Um ponto crucial do projeto é transferir para a Duma não apenas a aprovação do primeiro-ministro indicado pelo presidente, mas de toda a equipe ministerial, o que ampliará consideravelmente a influência do Parlamento — e do premiê — no regime de governo, hoje nitidamente presidencialista. Em 2024, Putin não poderá mais ser reeleito. Porém, com a mudança prevista, terá a chance de manobrar para virar primeiro-ministro — o mais poderoso que a Rússia já teve — enquanto controlar o Legislativo. E controle não lhe falta: o plano foi aprovado por 432 dos 450 deputados. “O poder russo funciona assim: é ilimitado, corrompe e ninguém o confronta por medo da perseguição que virá”, resume a russa Anastasia Edel, professora de história e cultura na Universidade da Califórnia em Berkeley. Em outro ponto do projeto do tipo pegadinha, Putin quer incluir na Constituição o Conselho de Estado, um órgão secundário de ligação entre governos regionais e o Kremlin. Reforçando o conselho e assumindo sua presidência, dizem os especialistas, ele pode se tornar uma eminência parda nos bastidores indefinidamente, sem se preocupar com detalhes como votos e aprovação popular.

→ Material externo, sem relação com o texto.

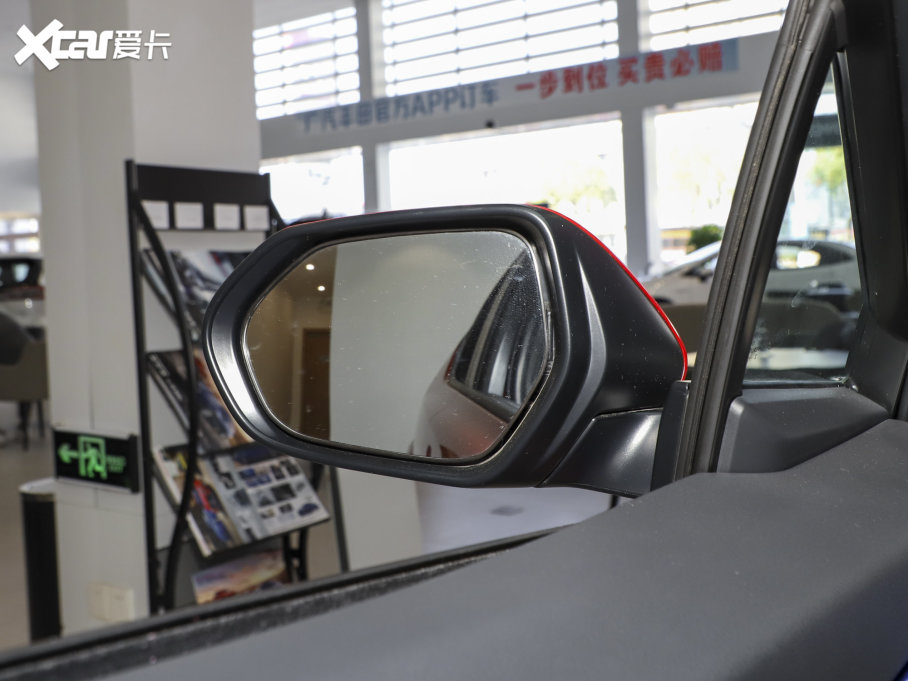 2022���S��C-HR 2.0L ���m��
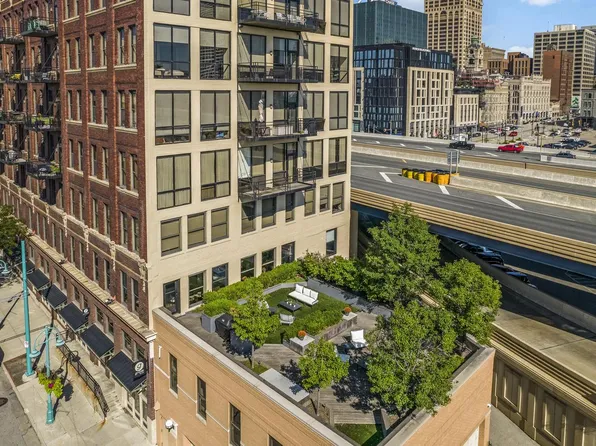 400 N Broadway #301, Milwaukee, WI 53202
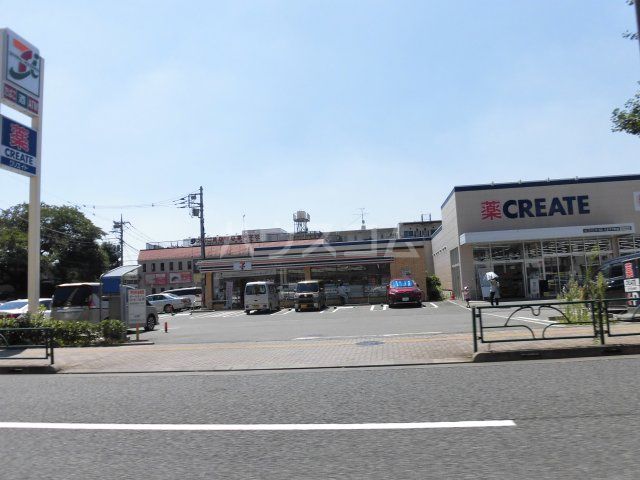 コンビニ　セブン-イレブン 八王子万町店（コンビニ）まで577m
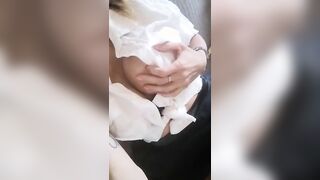 Milfona italiana con pircing ai capezzoli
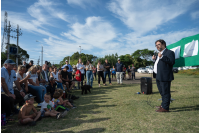 Firma del compromiso de realojo de las familias del asentamiento Felipe Cardoso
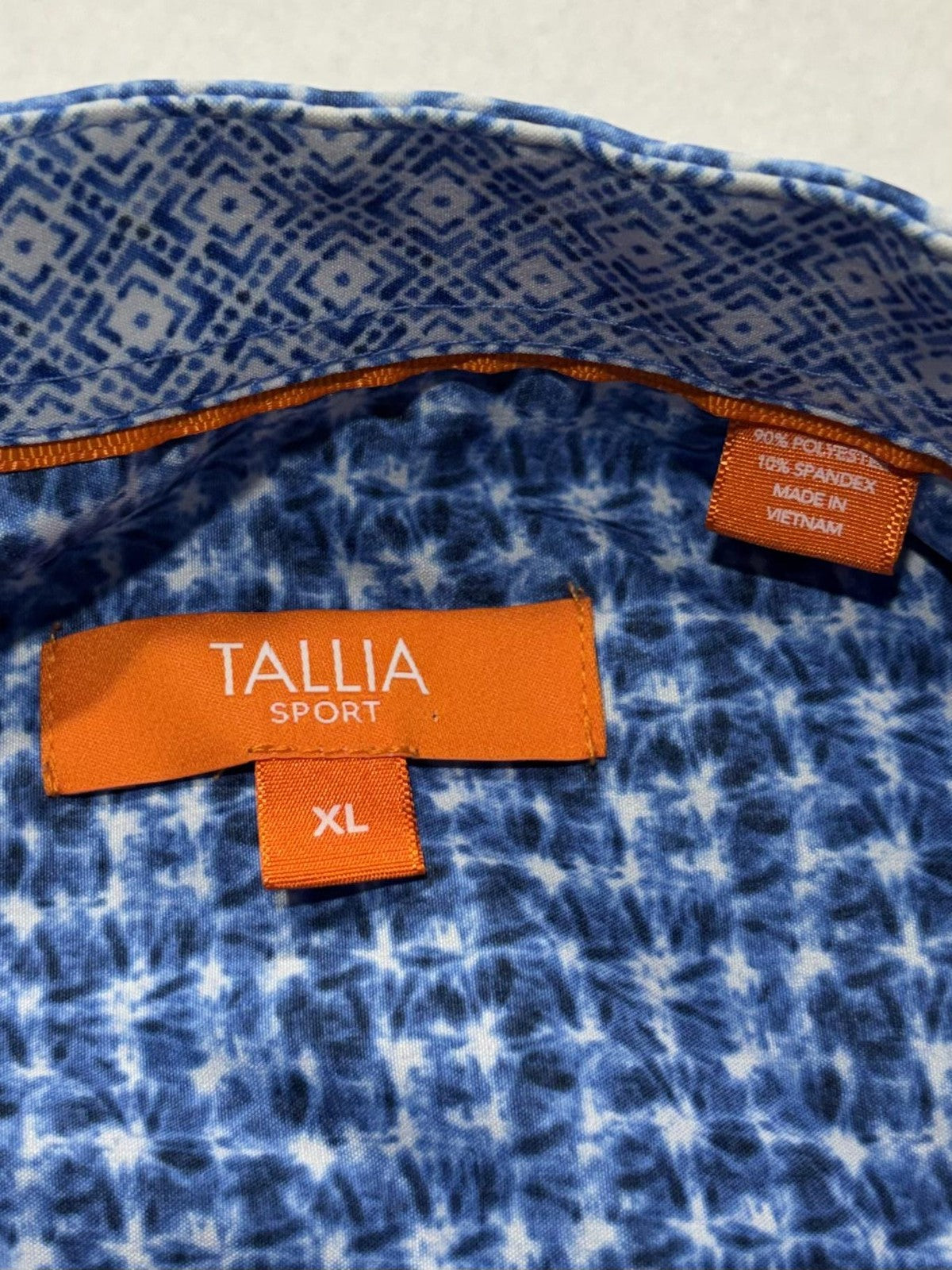 Tallia Sport Shirt Mens XL Blue Geometric Long Sleeve Button Up Stretch Casual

Ao longo das últimas duas décadas, Putin consolidou-se no leme de um país acostumado há séculos a governantes vitalícios, como foram os czares da dinastia dos Romanov e os dirigentes do Politburo na era soviética. Segundo Matthew Rojansky, especialista em Rússia do Wilson Center, de Washington, o presidente neutralizou de vez os oligarcas que tomaram conta do Estado, no vácuo de poder que se seguiu ao desmoronamento final da URSS, ao prender, em 2003, o magnata do petróleo Mikhail Khodorkovsky, acusado de corrupção e fraude fiscal. Paralelamente, tratou de cooptar os demais centros de influência — militares, elites regionais e a Igreja Ortodoxa. “Ele dá aos aliados o que eles querem, e eles lhe dão sua lealdade”, analisa Rojansky.
Na economia, Putin apostou na exploração dos recursos naturais, fazendo dos gasodutos russos provedores essenciais da Europa. O produto interno bruto (PIB) aumentou de 91,6 bilhões de dólares, em 1992, para 1,6 trilhão, no ano passado. No mesmo período, o PIB per capita saltou de 617 dólares para 11 200 dólares. A onda de progresso refluiu nos últimos anos, afetada pela queda nos preços das matériasprimas em geral e do petróleo em particular. Atento à insatisfação social, o projeto de reforma constitucional de Putin embute investimentos de 28 bilhões de dólares em iniciativas sociais.
Ao mesmo tempo, Putin age para conservar, na medida do possível, a preponderância da Rússia na política global. Além de pôr seu exército de hackers para interferir na eleição americana (o que já havia feito, com sucesso, em 2016) e em outras ao redor do mundo, ele invadiu a Ucrânia e anexou a Crimeia, tornou-se avalista de Nicolás Maduro, na Venezuela, aproximou-se do Irã, assumiu a função de mediador na guerra civil da Síria (onde apoia o governo) e flerta com a China, país com o qual a Rússia divide uma fronteira de 3 645 quilômetros. “Rússia e China estão mais próximas do que nunca, mas é uma amizade de interesse, sujeita a mudanças bruscas conforme soprem os ventos da geopolítica”, diz Rojansky. Se tudo correr como o planejado por ele, o czar terá muito tempo para cimentar seu ambicioso lugar na história.